Baghdad, 5 May (AKI) - Radical Iraqi Shia cleric, Moqtada al-Sadr, is reported to have assumed the title of Grand Ayatollah after concluding his studies in the holy city of Qom in Iran. Sources close to the cleric's faction released the news to the Arab daily, al-Sharq al-Awsat.

Around 70 supporters of al-Sadr on Sunday concluded a conference in the Turkish city of Istanbul where they elected new leaders and mapped out their future.

Al-Sadr, who leads the Mahdi Army militia, also met both Recep Tayyip Erodgan, the Turkish prime minister, and president Abdullah Gul in Ankara on Friday during his visit to Turkey.

Al-Sadr joined his supporters after completing two years of study in Iran and was expected to return to Iraq this week to resume his religious leadership.

During the Shia conference entitled 'The Al-Sadr faction and future challenges', Al-Sadr's supporters renewed their commitment to fight the occupation of their country and demand the removal of all foreign troops, while seeking greater collaboration with other Iraqi political parties.
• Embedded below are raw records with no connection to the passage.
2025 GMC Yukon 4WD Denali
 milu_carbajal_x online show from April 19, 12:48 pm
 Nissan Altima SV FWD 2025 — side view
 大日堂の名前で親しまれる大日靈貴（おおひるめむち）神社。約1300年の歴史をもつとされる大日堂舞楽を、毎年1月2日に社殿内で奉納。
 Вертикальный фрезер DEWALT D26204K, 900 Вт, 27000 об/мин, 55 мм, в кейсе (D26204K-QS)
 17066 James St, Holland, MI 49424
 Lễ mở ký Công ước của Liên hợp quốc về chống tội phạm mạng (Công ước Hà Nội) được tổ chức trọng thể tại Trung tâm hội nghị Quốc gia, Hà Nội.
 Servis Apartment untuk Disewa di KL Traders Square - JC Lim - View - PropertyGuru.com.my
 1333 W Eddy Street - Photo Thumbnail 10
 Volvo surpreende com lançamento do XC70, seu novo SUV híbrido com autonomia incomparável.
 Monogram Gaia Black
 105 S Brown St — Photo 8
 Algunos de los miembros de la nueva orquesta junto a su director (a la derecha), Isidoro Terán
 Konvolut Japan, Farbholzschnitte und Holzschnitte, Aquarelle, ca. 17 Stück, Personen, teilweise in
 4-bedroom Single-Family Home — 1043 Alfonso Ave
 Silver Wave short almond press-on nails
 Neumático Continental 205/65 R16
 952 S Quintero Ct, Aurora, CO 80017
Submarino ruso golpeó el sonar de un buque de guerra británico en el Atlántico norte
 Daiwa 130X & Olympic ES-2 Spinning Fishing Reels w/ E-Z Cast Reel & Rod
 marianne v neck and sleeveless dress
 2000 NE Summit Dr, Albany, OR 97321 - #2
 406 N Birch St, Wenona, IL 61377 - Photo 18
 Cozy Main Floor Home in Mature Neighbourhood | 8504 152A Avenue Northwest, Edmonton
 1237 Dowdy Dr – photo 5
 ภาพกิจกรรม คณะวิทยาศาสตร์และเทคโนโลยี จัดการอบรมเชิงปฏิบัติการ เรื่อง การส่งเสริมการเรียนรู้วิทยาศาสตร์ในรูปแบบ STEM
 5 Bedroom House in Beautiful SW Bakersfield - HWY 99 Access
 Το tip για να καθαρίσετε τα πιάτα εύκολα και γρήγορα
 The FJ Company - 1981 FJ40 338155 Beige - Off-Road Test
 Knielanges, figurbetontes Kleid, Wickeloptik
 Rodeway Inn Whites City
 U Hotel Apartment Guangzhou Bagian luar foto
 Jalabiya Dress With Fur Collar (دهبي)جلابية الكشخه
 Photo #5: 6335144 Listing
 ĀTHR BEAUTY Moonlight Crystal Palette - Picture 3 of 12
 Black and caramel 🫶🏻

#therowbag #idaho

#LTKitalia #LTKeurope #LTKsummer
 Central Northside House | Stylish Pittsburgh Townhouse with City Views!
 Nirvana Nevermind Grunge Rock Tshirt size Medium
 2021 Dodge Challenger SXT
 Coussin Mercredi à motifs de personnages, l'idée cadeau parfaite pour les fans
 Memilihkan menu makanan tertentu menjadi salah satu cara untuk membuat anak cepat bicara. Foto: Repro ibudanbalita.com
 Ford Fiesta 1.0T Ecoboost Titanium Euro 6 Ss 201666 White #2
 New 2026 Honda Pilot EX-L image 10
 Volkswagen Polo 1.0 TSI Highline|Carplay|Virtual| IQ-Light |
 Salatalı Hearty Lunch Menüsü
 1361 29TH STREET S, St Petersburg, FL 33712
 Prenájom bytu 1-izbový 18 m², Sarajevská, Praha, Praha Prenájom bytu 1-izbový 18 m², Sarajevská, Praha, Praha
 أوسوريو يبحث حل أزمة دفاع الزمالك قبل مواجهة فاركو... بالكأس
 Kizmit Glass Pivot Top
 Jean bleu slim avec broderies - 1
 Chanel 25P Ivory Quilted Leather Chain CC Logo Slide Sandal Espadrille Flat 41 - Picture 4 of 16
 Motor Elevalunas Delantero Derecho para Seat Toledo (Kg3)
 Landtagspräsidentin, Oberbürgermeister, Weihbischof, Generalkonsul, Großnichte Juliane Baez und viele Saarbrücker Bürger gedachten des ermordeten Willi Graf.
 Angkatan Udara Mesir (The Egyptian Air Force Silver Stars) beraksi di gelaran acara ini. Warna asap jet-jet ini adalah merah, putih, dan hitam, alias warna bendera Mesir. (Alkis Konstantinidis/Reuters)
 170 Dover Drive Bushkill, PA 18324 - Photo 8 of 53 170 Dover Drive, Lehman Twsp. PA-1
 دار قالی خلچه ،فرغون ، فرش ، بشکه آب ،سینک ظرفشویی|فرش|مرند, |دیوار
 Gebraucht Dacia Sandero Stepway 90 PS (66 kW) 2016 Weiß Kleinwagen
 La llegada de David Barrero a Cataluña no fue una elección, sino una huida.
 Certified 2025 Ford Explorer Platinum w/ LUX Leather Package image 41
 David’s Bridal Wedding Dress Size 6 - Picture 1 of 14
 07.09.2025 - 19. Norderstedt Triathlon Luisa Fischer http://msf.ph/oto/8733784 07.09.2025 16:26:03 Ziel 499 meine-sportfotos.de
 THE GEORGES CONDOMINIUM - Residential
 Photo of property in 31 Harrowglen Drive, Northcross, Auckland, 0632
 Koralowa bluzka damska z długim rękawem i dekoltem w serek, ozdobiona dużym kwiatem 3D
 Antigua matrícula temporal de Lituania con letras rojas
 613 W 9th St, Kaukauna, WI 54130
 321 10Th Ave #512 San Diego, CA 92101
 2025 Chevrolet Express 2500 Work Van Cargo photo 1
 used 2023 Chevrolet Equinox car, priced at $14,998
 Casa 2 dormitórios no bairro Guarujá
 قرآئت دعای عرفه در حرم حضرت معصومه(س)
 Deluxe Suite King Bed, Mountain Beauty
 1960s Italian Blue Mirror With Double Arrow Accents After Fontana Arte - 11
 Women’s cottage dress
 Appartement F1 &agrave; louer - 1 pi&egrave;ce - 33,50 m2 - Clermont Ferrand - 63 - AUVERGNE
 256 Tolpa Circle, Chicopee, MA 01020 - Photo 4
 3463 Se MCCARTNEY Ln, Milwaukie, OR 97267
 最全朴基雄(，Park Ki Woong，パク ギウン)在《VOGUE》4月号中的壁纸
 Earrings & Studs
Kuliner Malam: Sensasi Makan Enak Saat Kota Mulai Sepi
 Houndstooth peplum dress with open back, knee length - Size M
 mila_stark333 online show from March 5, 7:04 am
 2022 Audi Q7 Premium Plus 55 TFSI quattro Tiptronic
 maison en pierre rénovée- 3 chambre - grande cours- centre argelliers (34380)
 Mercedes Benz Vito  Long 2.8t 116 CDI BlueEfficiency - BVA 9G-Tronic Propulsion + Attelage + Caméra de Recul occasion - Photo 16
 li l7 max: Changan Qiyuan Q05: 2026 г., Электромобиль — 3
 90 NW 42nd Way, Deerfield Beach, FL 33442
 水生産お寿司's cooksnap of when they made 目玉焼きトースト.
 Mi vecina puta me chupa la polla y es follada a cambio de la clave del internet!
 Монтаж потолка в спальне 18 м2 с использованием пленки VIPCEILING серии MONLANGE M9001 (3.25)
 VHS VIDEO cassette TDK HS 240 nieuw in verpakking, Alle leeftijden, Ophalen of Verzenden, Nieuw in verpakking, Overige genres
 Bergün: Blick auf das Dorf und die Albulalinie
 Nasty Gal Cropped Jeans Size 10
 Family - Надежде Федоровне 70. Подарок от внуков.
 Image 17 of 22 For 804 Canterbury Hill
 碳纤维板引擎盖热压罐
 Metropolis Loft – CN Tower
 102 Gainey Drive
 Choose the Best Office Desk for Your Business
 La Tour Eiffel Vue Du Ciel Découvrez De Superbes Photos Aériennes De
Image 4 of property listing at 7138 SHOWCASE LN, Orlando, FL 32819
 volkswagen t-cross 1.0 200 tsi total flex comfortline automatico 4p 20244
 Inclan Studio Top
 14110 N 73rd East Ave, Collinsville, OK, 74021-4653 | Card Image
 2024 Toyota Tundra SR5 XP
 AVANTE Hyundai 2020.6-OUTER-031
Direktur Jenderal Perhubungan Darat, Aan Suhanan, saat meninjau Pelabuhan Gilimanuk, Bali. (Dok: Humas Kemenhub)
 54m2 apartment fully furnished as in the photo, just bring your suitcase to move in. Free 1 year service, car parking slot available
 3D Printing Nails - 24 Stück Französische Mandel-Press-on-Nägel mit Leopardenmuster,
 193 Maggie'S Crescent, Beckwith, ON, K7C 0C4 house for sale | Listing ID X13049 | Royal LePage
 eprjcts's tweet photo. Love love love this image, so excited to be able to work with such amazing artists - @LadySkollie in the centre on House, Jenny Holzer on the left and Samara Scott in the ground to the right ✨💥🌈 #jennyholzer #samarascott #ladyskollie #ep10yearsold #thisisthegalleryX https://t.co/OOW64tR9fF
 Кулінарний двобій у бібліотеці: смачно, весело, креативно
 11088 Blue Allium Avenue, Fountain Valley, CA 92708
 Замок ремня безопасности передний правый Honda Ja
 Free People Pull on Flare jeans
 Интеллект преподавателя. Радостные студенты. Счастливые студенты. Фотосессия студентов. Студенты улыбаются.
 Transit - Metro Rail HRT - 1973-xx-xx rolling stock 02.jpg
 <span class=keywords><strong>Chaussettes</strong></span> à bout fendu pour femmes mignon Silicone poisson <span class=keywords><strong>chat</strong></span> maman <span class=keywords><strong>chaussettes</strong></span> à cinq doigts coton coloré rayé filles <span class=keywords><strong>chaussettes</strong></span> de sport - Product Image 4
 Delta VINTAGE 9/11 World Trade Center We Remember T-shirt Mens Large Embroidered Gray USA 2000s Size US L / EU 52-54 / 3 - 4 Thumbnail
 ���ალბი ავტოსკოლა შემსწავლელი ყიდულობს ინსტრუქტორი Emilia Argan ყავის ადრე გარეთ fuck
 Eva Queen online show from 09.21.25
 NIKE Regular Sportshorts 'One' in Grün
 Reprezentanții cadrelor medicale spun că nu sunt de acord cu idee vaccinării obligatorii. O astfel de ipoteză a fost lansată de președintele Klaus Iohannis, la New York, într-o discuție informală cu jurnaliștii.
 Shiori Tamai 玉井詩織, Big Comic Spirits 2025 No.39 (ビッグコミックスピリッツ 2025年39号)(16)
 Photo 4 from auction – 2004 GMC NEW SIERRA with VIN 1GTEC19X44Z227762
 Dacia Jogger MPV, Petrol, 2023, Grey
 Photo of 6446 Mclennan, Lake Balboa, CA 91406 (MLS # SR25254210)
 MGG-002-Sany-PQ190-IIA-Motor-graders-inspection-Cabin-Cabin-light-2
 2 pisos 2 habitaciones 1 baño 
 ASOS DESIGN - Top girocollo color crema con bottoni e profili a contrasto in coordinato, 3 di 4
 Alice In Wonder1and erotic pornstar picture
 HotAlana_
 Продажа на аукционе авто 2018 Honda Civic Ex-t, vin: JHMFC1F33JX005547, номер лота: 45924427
In 2004, al-Sadr's militia launched an uprising against American troops in Baghdad and British forces in the Shia heartland of southern Iraq.

But his militia suffered a crushing defeat at the hands of Iraq's new army last year and his followers have reportedly now turned to mainstream politics.

Al-Sadr is the son of a revered Ayatollah, Mohammed Sadiq al-Sadr, who represented oppressed majority Shias during Saddam Hussein's dictatorship.

He was murdered by the former regime in 1999, an assassination which provoked widespread riots in Shia areas.